Records excerpted from a collection:

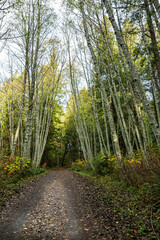 Wall Mural - well paved walking path in the park covered with fall leaves with tall trees on both sides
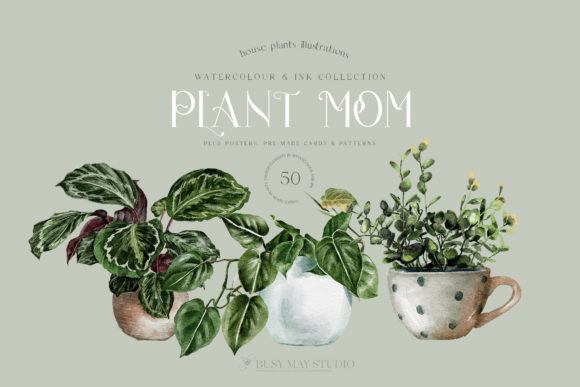 Download House Plants Illustrations and Patterns - House Collection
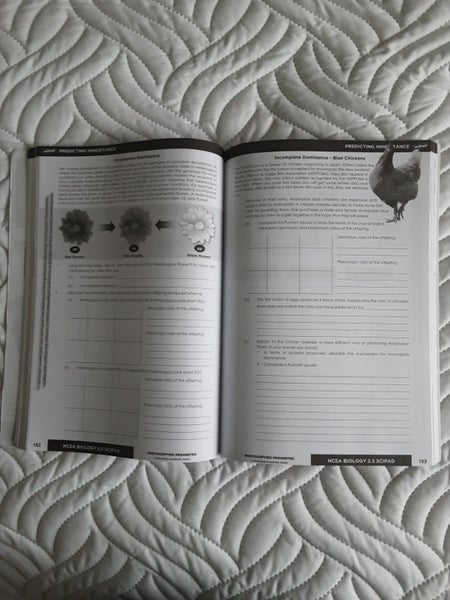 Level 2 Scipads bulk64374074868226111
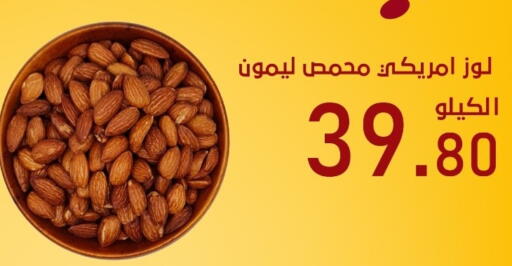 available at بن عفيف in مملكة العربية السعودية, السعودية, سعودية - المنطقة الشرقية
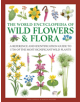 Wild Flowers & Flora, The World Encyclopedia of - 9780754833604-thumb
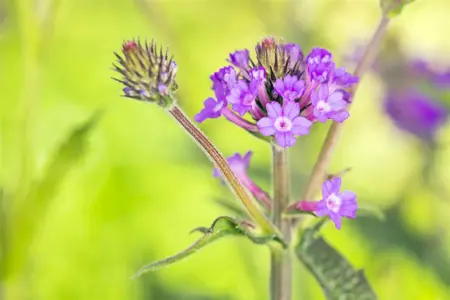 Verbena rigida 'Fliederblau' - 3 Ltr pot - image 4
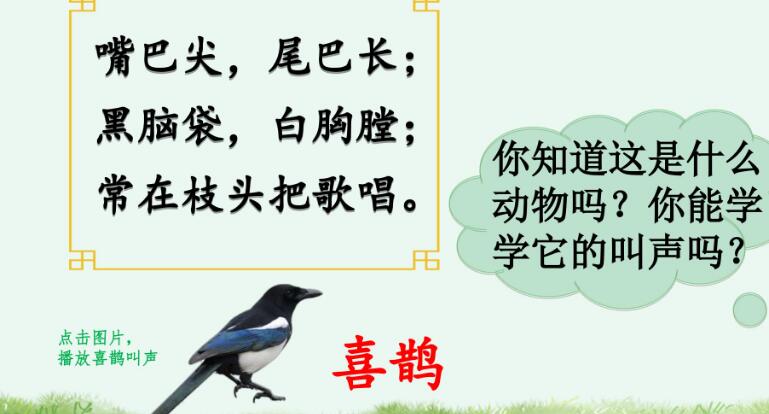 二年級下冊第9課《楓樹上的喜鵲》PPT課件資源免費下載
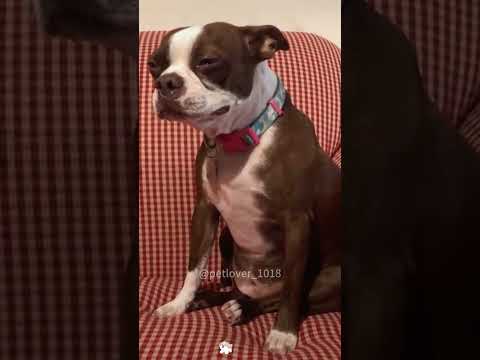 Crying dog 🥹🥹🥹#dog#doglover #dogs #funny #video #usa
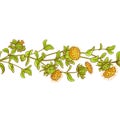 Safflower plant vector pattern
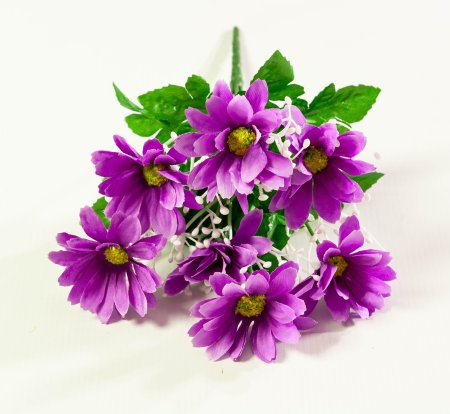 Ромашка разноцветная 7 цветков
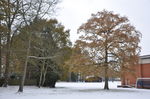 The grounds in a coat of snow!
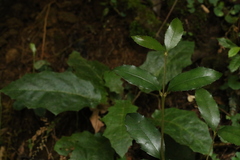 Atherospermataceae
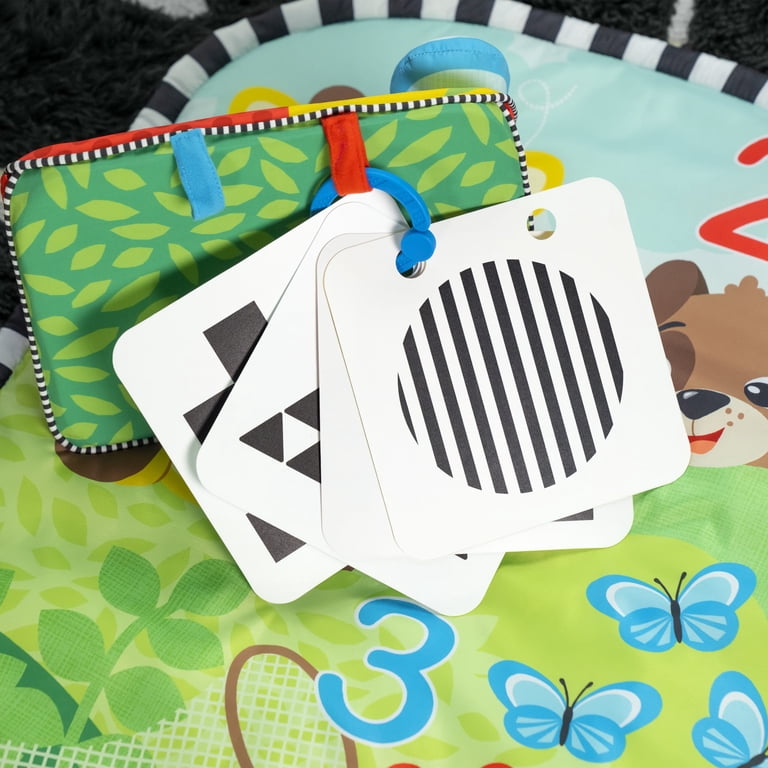 Baby Einstein Discovery Garden Tummy Time Mat & Mirror, Unisex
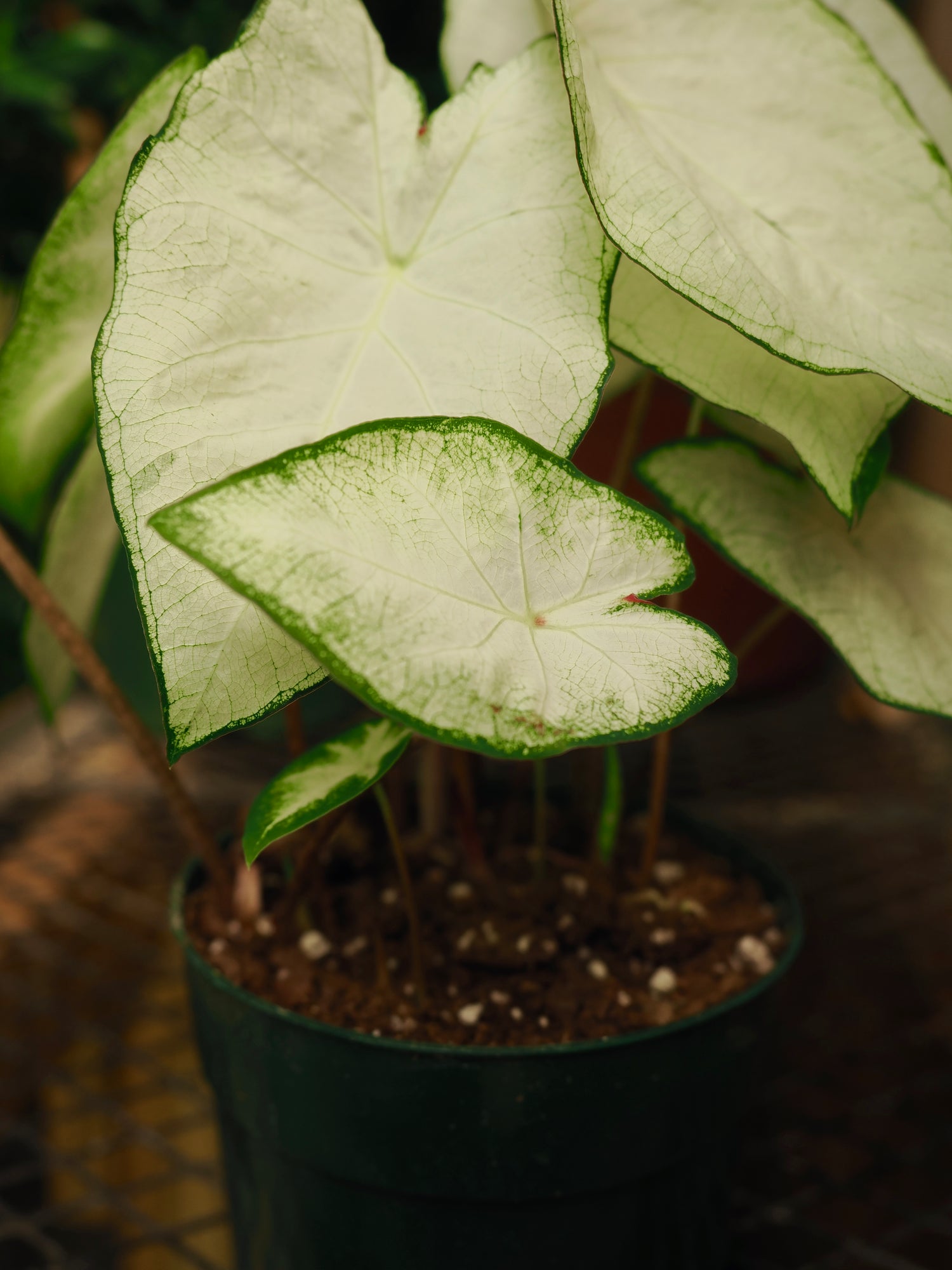 Medium Caladium &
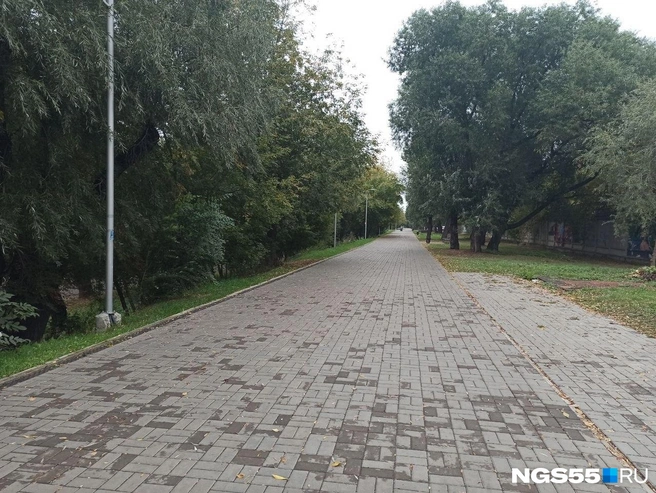 Тротуар в парке «Зеленый Остров» | Источник: Ольга Васильева / NGS55.RU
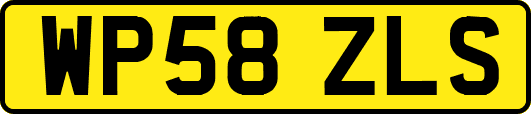 WP58ZLS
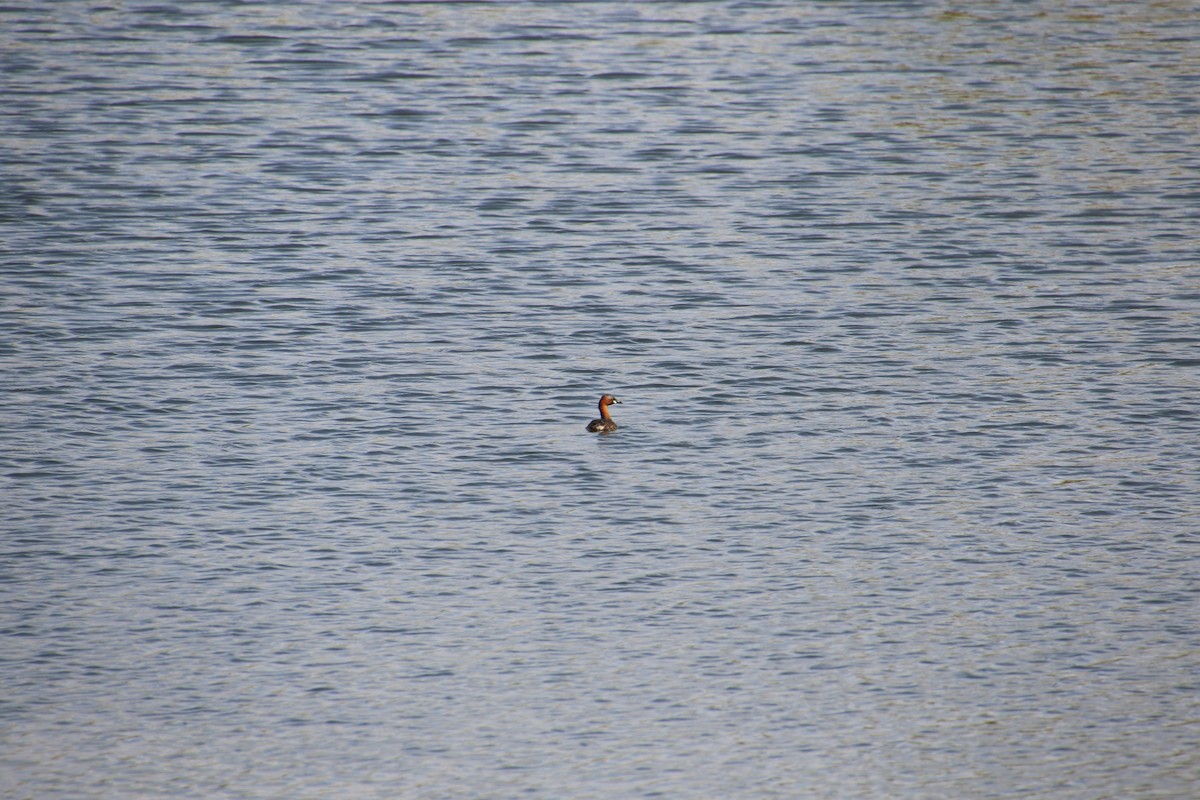 Little Grebe - Roy Collins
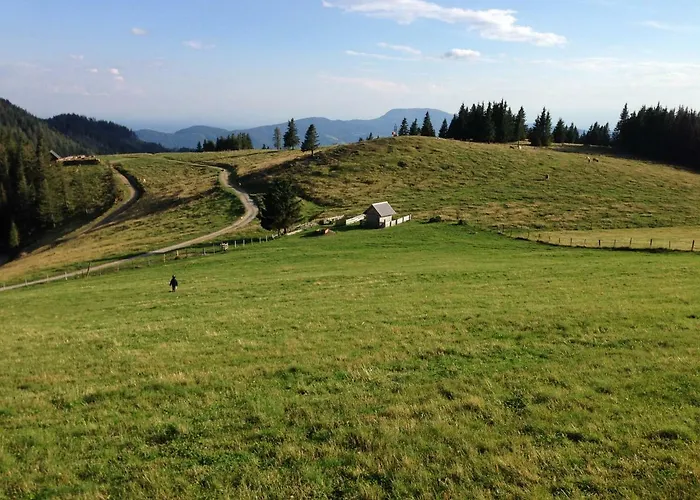 Apartment Gartenwohnung Auf Der Sommeralm *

WHAT TO PRODUCE
Each entry above should be written out again exactly, without its pictures.

ANSWER SPACE
 Wall Mural - well paved walking path in the park covered with fall leaves with tall trees on both sides
 Download House Plants Illustrations and Patterns - House Collection
 Level 2 Scipads bulk64374074868226111
 available at بن عفيف in مملكة العربية السعودية, السعودية, سعودية - المنطقة الشرقية
 Wild Flowers & Flora, The World Encyclopedia of - 9780754833604-thumb
 Verbena rigida 'Fliederblau' - 3 Ltr pot - image 4
 二年級下冊第9課《楓樹上的喜鵲》PPT課件資源免費下載
 Crying dog 🥹🥹🥹#dog#doglover #dogs #funny #video #usa
 Safflower plant vector pattern
 Ромашка разноцветная 7 цветков
 The grounds in a coat of snow!
 Atherospermataceae
 Baby Einstein Discovery Garden Tummy Time Mat & Mirror, Unisex
 Medium Caladium &
 Тротуар в парке «Зеленый Остров» | Источник: Ольга Васильева / NGS55.RU
 WP58ZLS
 Little Grebe - Roy Collins
 Apartment Gartenwohnung Auf Der Sommeralm *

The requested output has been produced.